第十一章 囚笼
正午时分
永宁县
城内
迎合客栈
坐在窗前,望着远处的蓝天。
门前,脚步声传来。
房门,轻推开。
摘掉斗篷,一身灰色长袍的马均道,“我在城内的铁匠铺打听了,近日来,不少江湖好手路过此地。而那些江湖朋友在城内,大多只是补给些必需品,便是往雁荡山赶去了。”
话一完,门外又是传来脚步声。
一进门,黑僧便是端起一杯清茶,猛喝不停。
两杯清茶下肚,黑僧道,“今天倒是见鬼了,尽然有人单凭感觉,就能知道,我手中用黑布包裹的大剑[黑龙]是妖器。”
马均敏感道,“什么?那人在哪?”
突然,只听窗外,一个浑厚的声音传来,“在下铁城城主浦元,路过此地,诚心拜见城中铸剑大师。”
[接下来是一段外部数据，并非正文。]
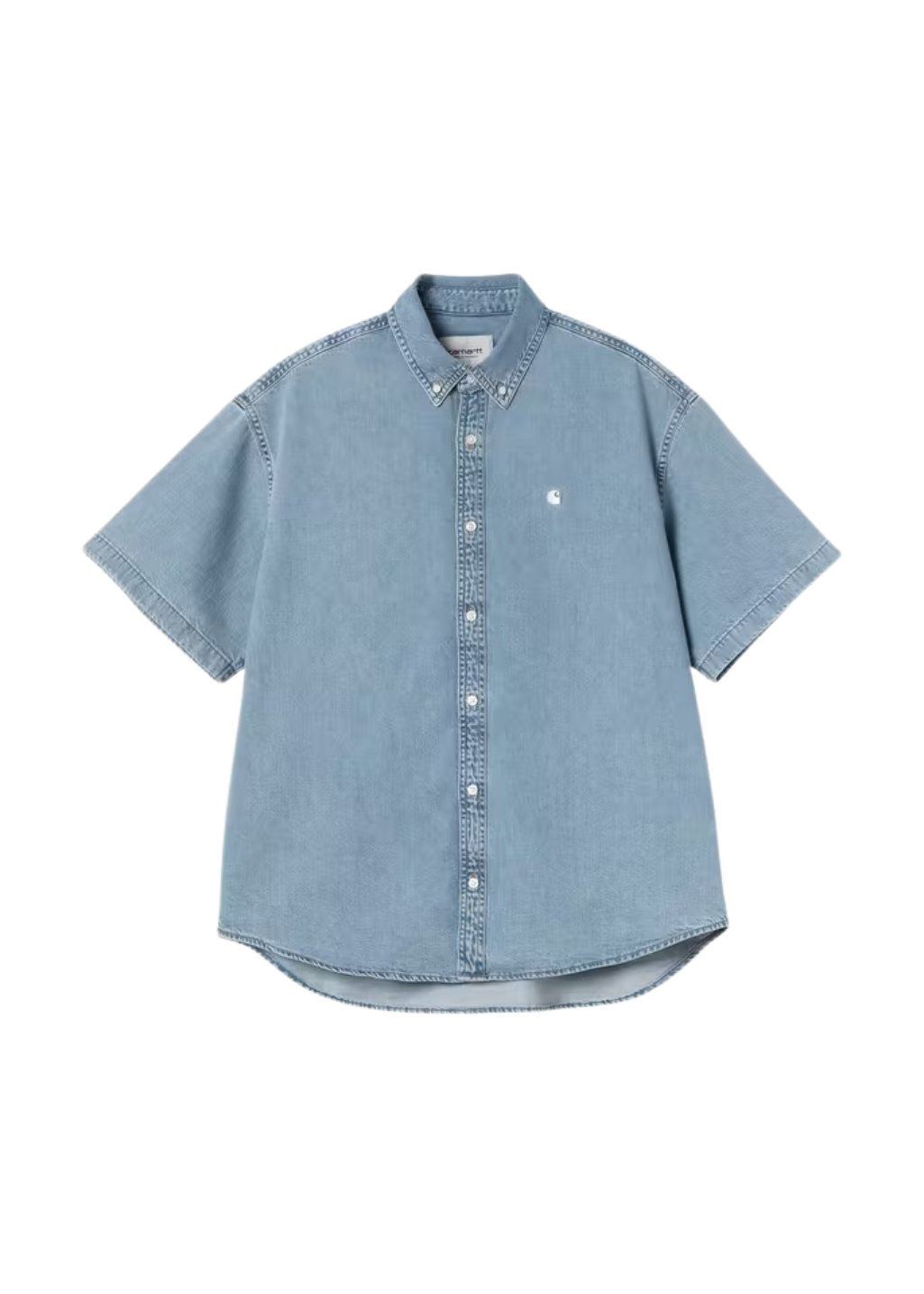 Carhartt WIP - S/S Lucas Shirt - Blue Bleached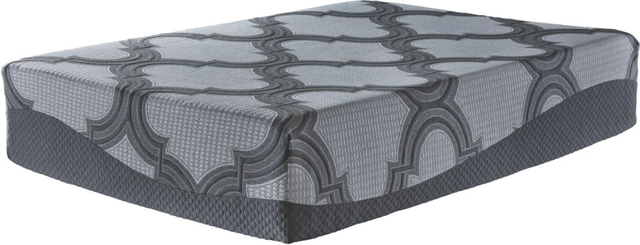 Sierra Sleep® by Ashley® 2-Piece 12" Hybrid and Good  Adjustable Foundation Queen Mattress Set-2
浦元二字一入耳,黑僧大惊,“难道说,浦元大师的配剑是[鸿鹄]?”
王越淡淡道,“不会有错的,能够单凭直觉就能判断出[黑龙]是妖器的,这世上只会有两人浦元大师与马均大师。”
一脸讶然,黑僧道,“浦元大师的实力,难道没入江湖排行榜?”
端起一杯清茶,王越道,“浦元大师平日专注于铸剑,不在乎江湖排名,论战力其与马均大师不分上下。”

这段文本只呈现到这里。